All history points to the East and to Africa as the seat and source of plague, and the entanglement of Eastern affairs presses more and more on the European nations; if we may trust the statistics of commerce, Western Europe at times draws a large portion of her subsistence from countries of which we know but little. On this I make no remark, my object being merely to show that, however distant these lands lie, their malarious condition has an influence over the European family of nations, an influence which daily increases socially, and which, though originating in the obscure and unknown East, has shown itself at times at Rome and Moscow, London and Paris, in characters compared to which all other evils appear insignificant.

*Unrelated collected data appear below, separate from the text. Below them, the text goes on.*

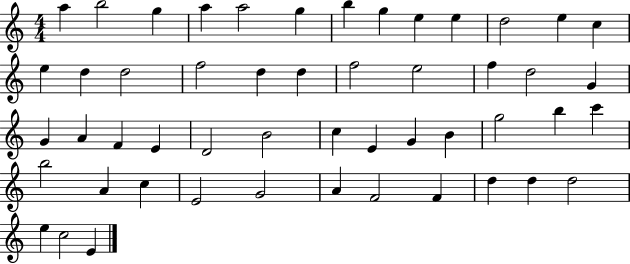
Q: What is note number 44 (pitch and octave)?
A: F4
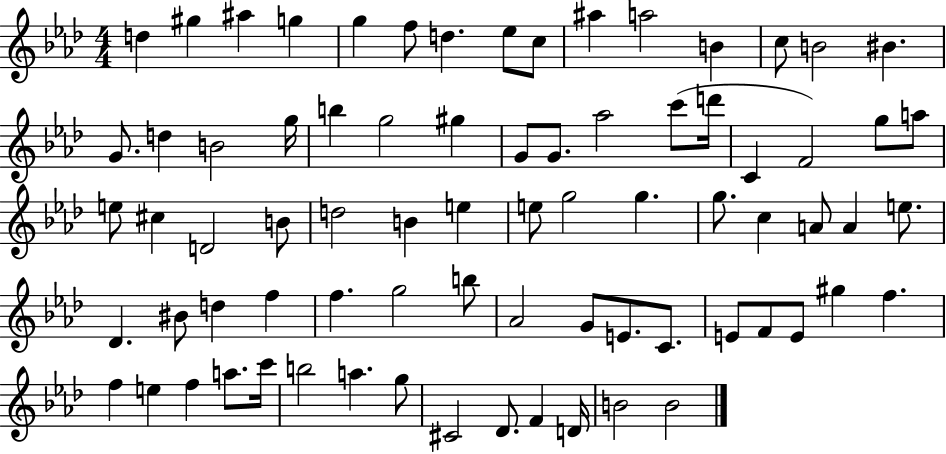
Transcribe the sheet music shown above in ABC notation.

X:1
T:Untitled
M:4/4
L:1/4
K:Ab
d ^g ^a g g f/2 d _e/2 c/2 ^a a2 B c/2 B2 ^B G/2 d B2 g/4 b g2 ^g G/2 G/2 _a2 c'/2 d'/4 C F2 g/2 a/2 e/2 ^c D2 B/2 d2 B e e/2 g2 g g/2 c A/2 A e/2 _D ^B/2 d f f g2 b/2 _A2 G/2 E/2 C/2 E/2 F/2 E/2 ^g f f e f a/2 c'/4 b2 a g/2 ^C2 _D/2 F D/4 B2 B2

All that lives or has lived is doomed to die, to waste away, and to disappear; as it perishes it is consumed by nature’s processes, in such a manner as to entail no danger to the living world, unless civilized man interferes. For civilized man she has made no provision, saving the bestowing on him a soil more or less fertile, a constitution more or less equal to toil, a reasoning power, which in things practical must not be measured by the loftiness of his conceptions and generalizations.
Whenever and wheresoever he congregates into masses, there “the earth, the air, and the waters,” receive modifications from him, which, when injurious, he alone can rectify. The most consolatory view which man can take of such a condition of things is unquestionably to believe them to a great extent remediable by his own labour and intelligence; for even should he fail, there remains to him the consolation that he has done his best.